Thursday, February 7, 2008

Judging a Book by its Cover

When word first spread that both Lipstick Jungle AND Cashmere Mafia were to premiere this season, the media was abuzz with Sex and the City comparisons. But it also set off a tsunami of shameless gossip that it was war between Candace Bushnell and Darren Star.

All was well when they were both making Sex: Candace was the writer of the book Sex and the City was based on; Darren was the executive producer of this and many other soap-sational series. We all loved Sex and the City. Plenty of glory for everybody. But now on opposite sides, we were all left to wonder....was there still enough love to go around?

Going into this, I thought Lipstick might have the edge. With Candace attached, it certainly looked good on paper. Brooke Shields is a big name. How could it go wrong?

But boy was I wrong.

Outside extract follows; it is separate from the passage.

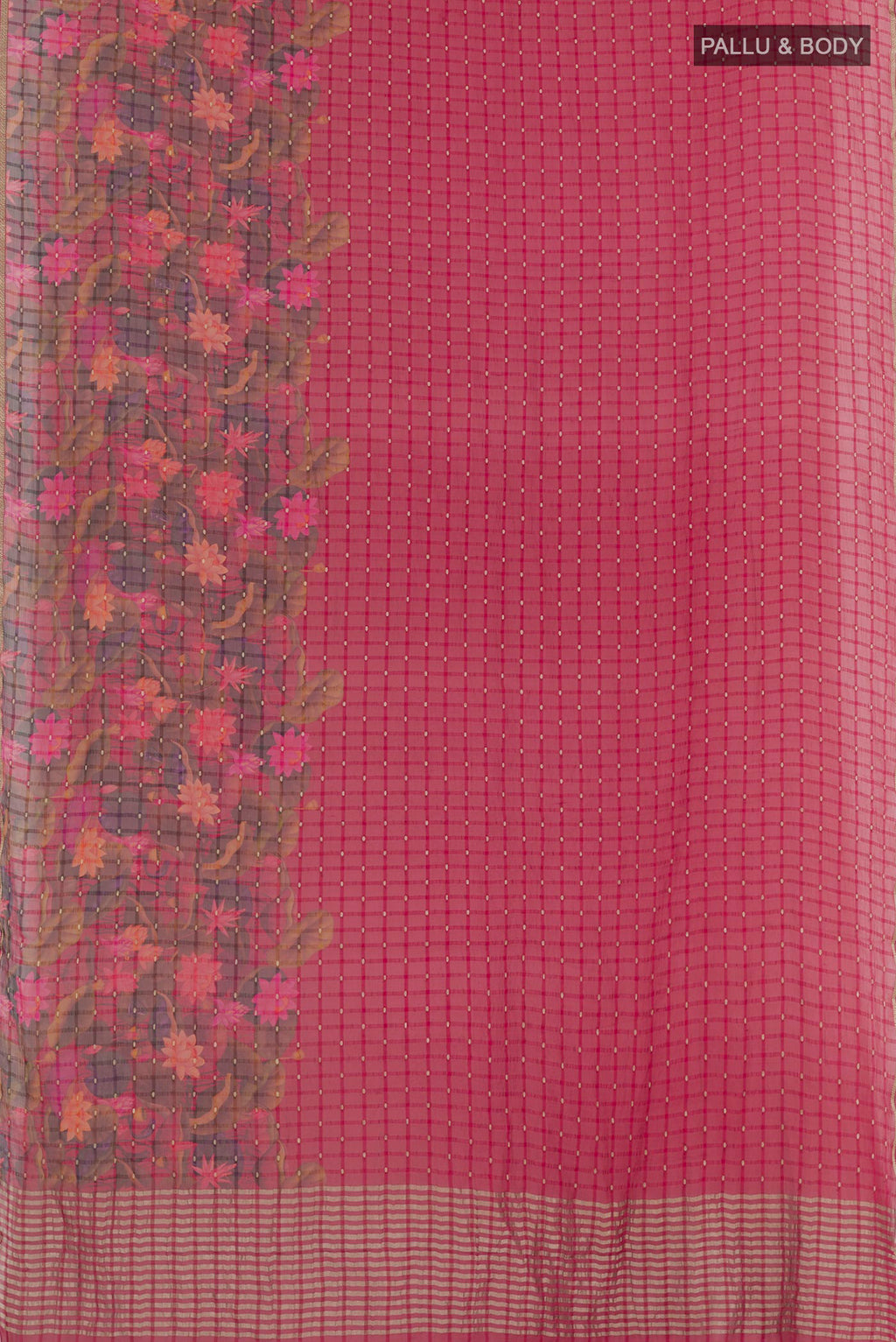 Flat view of Red Mysore Chiffon Saree with Printed design on the body and Zari Border. 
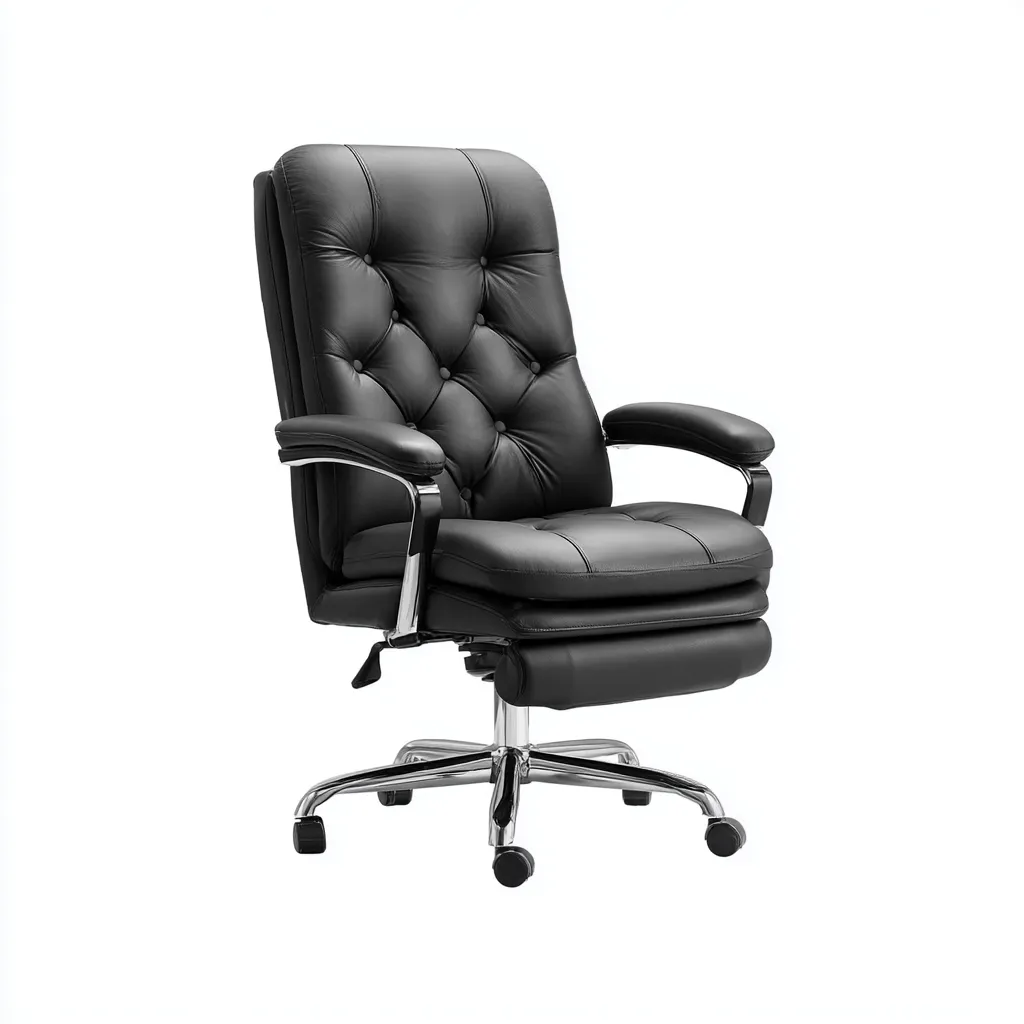 Sedia da ufficio-pelle sintetica-metallo-67x66x118 cm-nero-design ergonomico-Quietilo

Back in August, I became concerned on this here blog that in the promos of Lipstick, the characters were made up to look like dowdy caricatures. That was just the tip of the iceberg.

And when I say iceberg, I mean, as in...up ahead.

You see, I don't mind if my shows are realistic, for the most part. I even enjoy a little fluff and fantasy. Even when people were bitching about Sarah Jessica Parker's over the top outfits on Sex and the City, I was the girl running out to buy a (ridiculously oversized) flower to pin to my lapel. So, over on Cashmere Mafia, the characters are super shiny and glossy and it's pure pop, but that's ok...they have costume designer legend Pat Field and it shows. That is clearly one of their aces in the hole. Not so coincidentally it was Ms. Field who put SJP in those defining outfits on SATC. And quite frankly, for an hour each week, I'll gladly escape into these rich ladies' problems and occasionally fantasize that someday I can afford a Birkin bag.

But Lipstick Jungle? It's more Maybelline than La Mer..and I mean that literally. Maybelline was a sponsor urging YOU to get "the Lipstick Jungle look".

Um, no thanks. They actually found a way to make Brooke Shields look bad. Her drab makeup made her look sadly blah, and it seemed like in every scene she was wearing the same suit I wore on my job interview at Calvin Klein nearly ten years ago. I, too, thought I looked fashionable, but whereas Banana Republic might've been the (only) choice for me on my poverty-induced budget, Brooke Shields' character is supposed to be president of a movie studio? Even her cell phone was irritating! They couldn't even get a Blackberry or Iphone? No bluetooth?

But the most egregious offense for me was the sloppy editing. Or should I blame the bad shooting? (There was a shot left in where the camera was literally shaking as what-I-can-only assume was a bus went by. Or maybe it was a fighter plane.) This was film school bad. I stopped counting all of the mistakes about 30 minutes in but some of the highlights were Andrew McCarthy laughing and then they'd cut to a close up and PRESTO-CHANGO he's suddenly serious. My favorite? In one particular scene Brooke Shields' line is dubbed in...but her lips are...not...moving! I don't want to be harsh. Maybe it wasn't dubbed. Maybe Brooke's become a ventriloquist in her spare time.

Despite the hype, neither show is really a Sex ripoff. Yes, they're all about women in NYC but honestly LOST and Gilligan's Island are both about castaways and no one is trying to shove those two shows in the same category. Now, I've had more of a chance to warm up to Cashmere Mafia since I've seen more episodes and in truth I didn't love that first one either. So, I'm going to keep watching both, but so far this ain't exactly close.

Verdict: Cashmere covers Lipstick.

1 comment:

Michelle Tucker said...

Oh, thank goodness. I felt like I was betraying womankind because I was absolutely annoyed by every drearily commonplace minute of Lipstick Jungle. LJ is "Redbook" trying to live in an "InStyle" world. I'll take a nice Argentinian Cab with my Cashmere, thank you very much.